After a slightly more in-depth analysis I came across the function (xarray/coding/variables.py:226)
def _choose_float_dtype(dtype, has_offset):
"""Return a float dtype that can losslessly represent `dtype` values."""
# Keep float32 as-is. Upcast half-precision to single-precision,
# because float16 is "intended for storage but not computation"
if dtype.itemsize <= 4 and np.issubdtype(dtype, np.floating):
return np.float32
# float32 can exactly represent all integers up to 24 bits
if dtype.itemsize <= 2 and np.issubdtype(dtype, np.integer):
# A scale factor is entirely safe (vanishing into the mantissa),
# but a large integer offset could lead to loss of precision.

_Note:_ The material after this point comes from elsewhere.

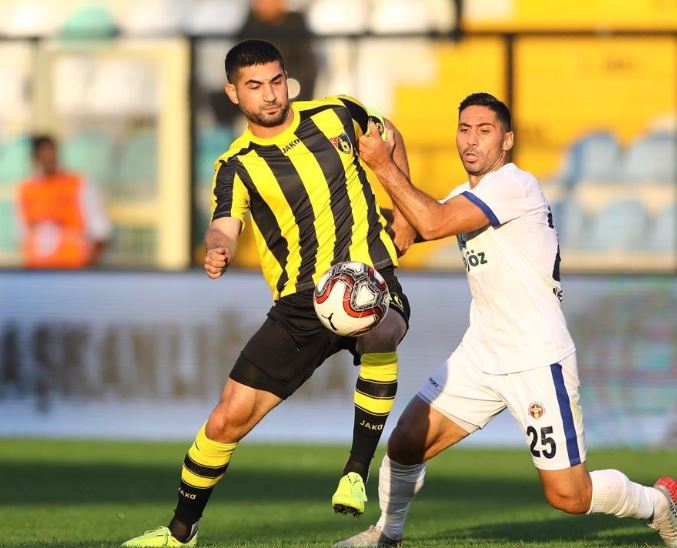Menemenspor son dakikalarda attığı golle kazandı
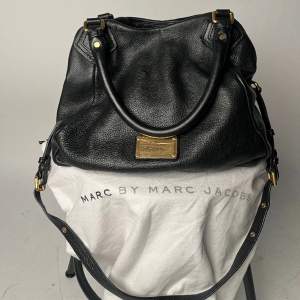 Svart handväska i läder från Marc Jacobs. Den är i bra skick och dustbag medföljer💙💙💙💋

# Sensitivity analysis can be tricky, so we just use a float64
# if there's any offset at all - better unoptimised than wrong!
if not has_offset:
return np.float32
# For all other types and circumstances, we just use float64.
# (safe because eg. complex numbers are not supported in NetCDF)
return np.float64
For me, this behavior is strange, I find more natural to use the stored type rather than to make a systematic transformation into a float.
To test, I have modified the decode method (xarray/coding/variables.py:265)
def decode(self, variable, name=None):
dims, data, attrs, encoding = unpack_for_decoding(variable)
if "scale_factor" in attrs or "add_offset" in attrs:
scale_factor = pop_to(attrs, encoding, "scale_factor", name=name)
add_offset = pop_to(attrs, encoding, "add_offset", name=name)
# my change
# dtype = _choose_float_dtype(data.dtype, "add_offset" in attrs)
dtype = data.dtype
if np.ndim(scale_factor) > 0:
scale_factor = scale_factor.item()
if np.ndim(add_offset) > 0:
add_offset = add_offset.item()
transform = partial(
_scale_offset_decoding,
scale_factor=scale_factor,
add_offset=add_offset,
dtype=dtype,
)
data = lazy_elemwise_func(data, transform, dtype)
return Variable(dims, data, attrs, encoding)
and it is working as I expected.
If there is a good reason to keep things as they are, can you explain me how to deal with complex data without creating a new variable?
Thank you for your great job, xarray is awesome.